Toddler Grace didn’t question it for a moment. Toddler Grace wasn’t afraid of Toddler Jessica’s pain or her grief. Toddler Grace wanted to offer presence and comfort. Toddler Grace proclaimed the gospel without worry of orthodoxy or doctrine. Toddler Grace told Toddler Jessica that she was loved and was not alone in her grief. Toddler Grace was pastoral.
But then I grew up. And I began articulating my sense of call- this is what future pastors say when they are explaining to their communities, families, Seminary admissions, and synods why they think God wants them to be a pastor. But, unlike the moment with Jessica, my sense of call became muddied by my conservative upbringing and what my community, and even what I, believed about a woman’s right to be in pastoral leadership.
I began hearing, “No,” not from God, but from myself, some family members, and from my conservative classmates.
This, “No” sounded like this:
“A woman should be seen (preferably in the nursery or in Sunday school) but not heard.”
“Don’t you know what Paul said in the bible? He said he doesn’t permit women to speak!”
“But Grace, men are supposed to be the spiritual authority, so if you are a pastor, who will be your spiritual authority?”
“It is arrogant to think you (as a woman) could be called ‘Pastor.’”
“Jesus was male, and priests are supposed to be the Icon of Christ, so how could you, as a female, possibly be an Icon of Christ?”
And then the ripest one of all, when I was in seminary, one of my professors was angry that I spoke in class. He told me I was lucky that the seminary required him to teach women, otherwise he would have thrown me out completely. I beat him to it and transferred to Luther the next day.
The majority of the Christian church throughout the world believes that I have no right to a call to ministry, and that is a hill they are willing to die on. Many would accuse me of blasphemy if they knew I was behind a pulpit. They think I have no right to follow God’s call on the pure fact that I am female.
And nevertheless, on Thursday, I was entranced into candidacy for ordination with the ELCA. This means, for the next 2-3 years, I will be closely scrutinized, tested, quizzed, interviewed, reviewed, critiqued, and criticized.
The validity of this call to Ministry of Word and Sacrament will be scrutinized by strangers even more and I will go through many interviews all of which are deeply personal and each last an hour and a half.

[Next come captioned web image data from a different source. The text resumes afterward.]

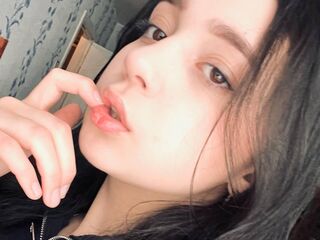 topless cam girl LeotaBienvenu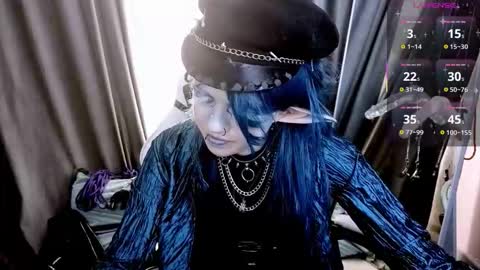 Snapshot of noellegothicshadow chatting on 10-04-25, 10:19 Elly online show from 10-04-25, 10:19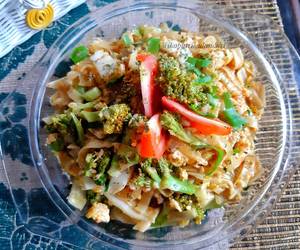 Resep Populer Kwetiaw Brokoli Goreng Enak Sederhana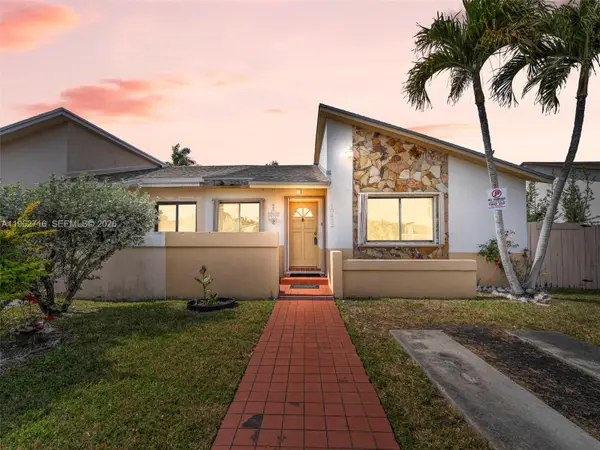 10832 SW 146th Pl, Miami, FL 33186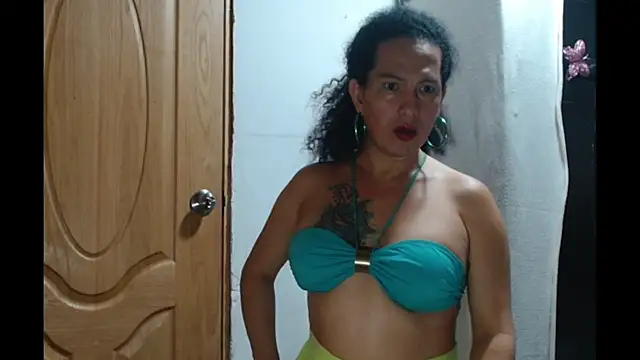 Snapshot of abbycrespa chatting on February 25, 2025, 4:25 pm abbycrespa online show from February 25, 2025, 4:25 pm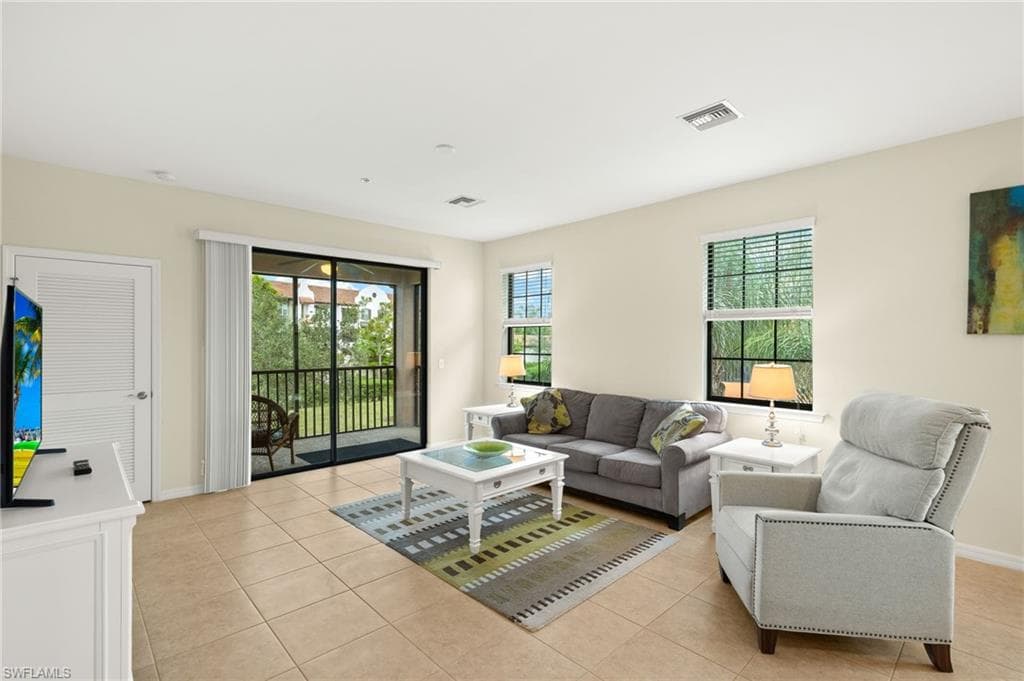 3742 Pino Vista Way 4, Estero, FL 33928-5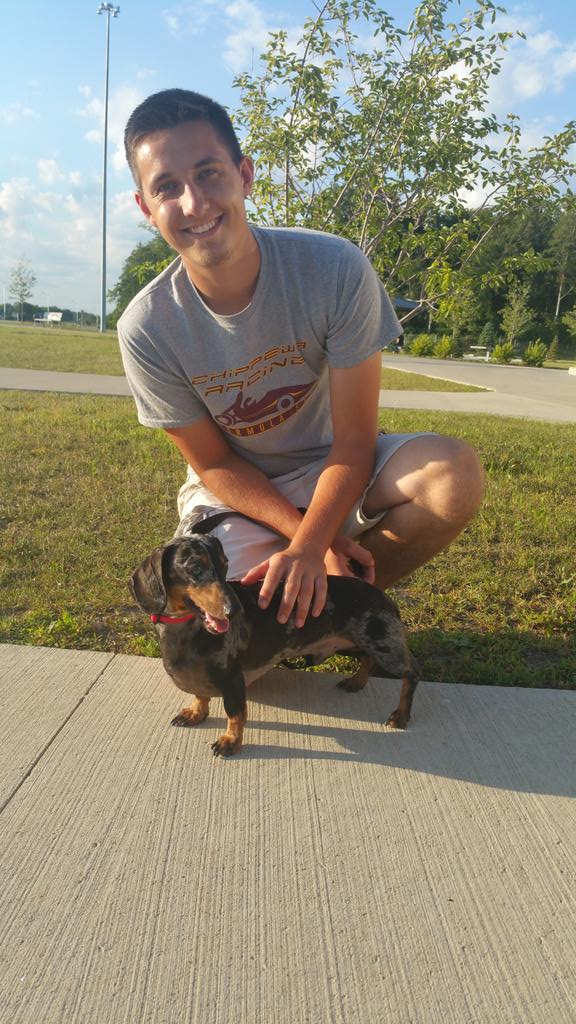 ballen42013's tweet photo. @hendr1ee i too now have a weiner dog!!!! http://t.co/7us6QWMA4q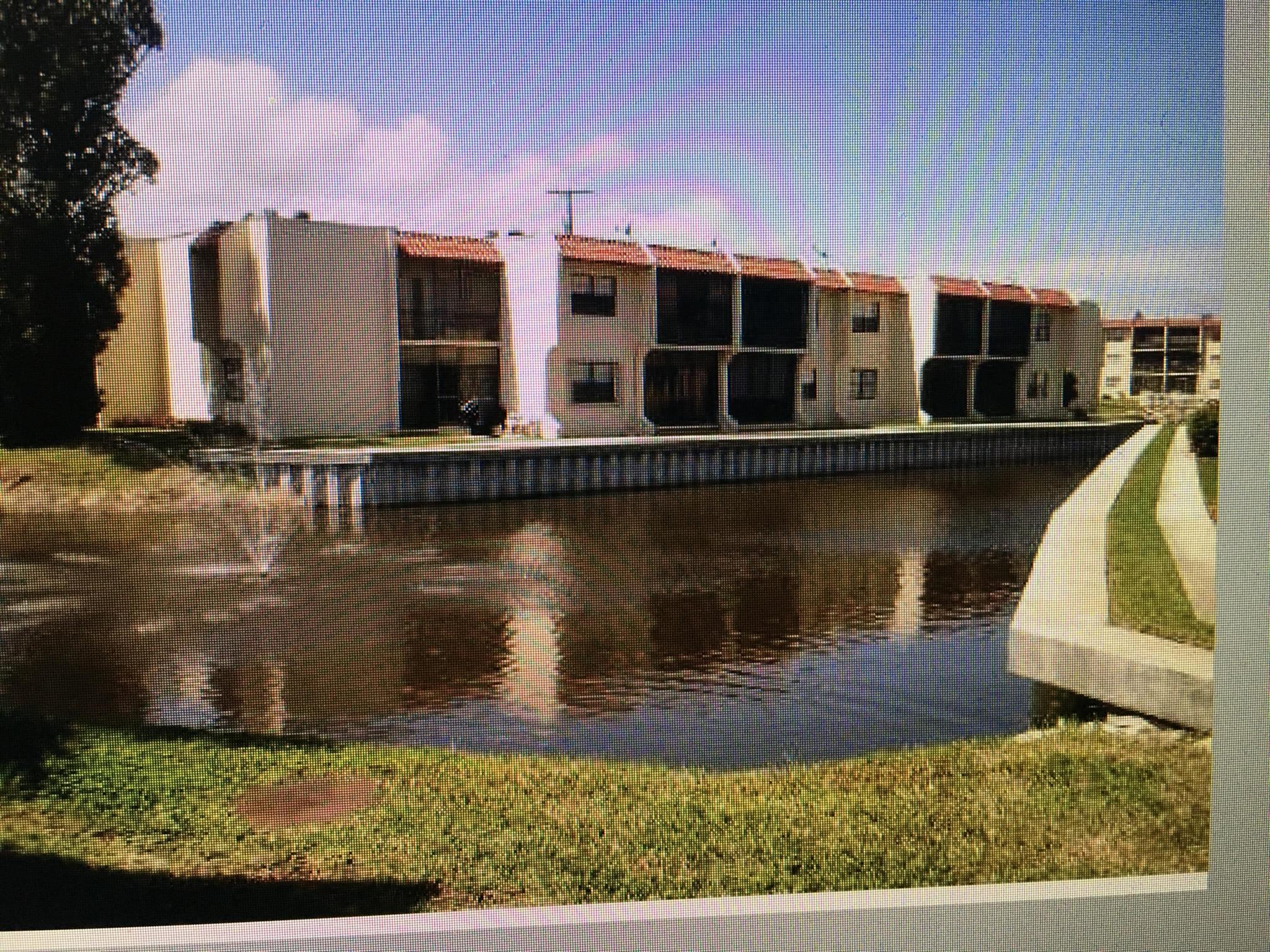 ISLAND HOUSE CONDOMINIUM - Residential Lease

I will write 50 pages of essays for my candidacy committee on the topics of why I think they should let me be a pastor- on top of course work, being a chaplain intern, and doing a year long pastoral internship.
No sane person would choose this invasive process for funsies or even because of arrogance. Most people would avoid this at all costs. There are a million reasons to say no to Christ’s call, but there is One Reason to say yes.
There is One Reason, One Hope.
How do we speak that “Yes” to those around us?
How do we welcome the gifts that Christ has provided for us?
We might have been told, “A woman must be seen only in the nursery,”
but God says, “You don’t have to hide, I have a place for you here as a full member of the body.”
They might have said, “Paul says you can’t speak.” But God says, “We need your voice. I will pour out my spirit on all; your sons and your daughters shall prophesy,”
They might say the authority rests in the hands of only men,
but we believe that the authority comes from God.
They might say we are arrogant to think we are called to anything,
but we are reminded in Ephesians chapter 3, that we “have access to God in boldness and confidence through faith in him.”
They might say because we don’t share the same gender identity as Jesus, that we can’t be a part of the priesthood of all believers,
but we know that all of us are made in the image of God.
We might have heard, “You don’t belong here,”
But Jesus tells us that we have a place at his table.
When we come to his table, we are participating in a meal that gives us life. As Christ gives us his body at this table, we are fed this grace.
And when we meet at this table together, we hear God say, “You’re the reason I said yes.”
Amen.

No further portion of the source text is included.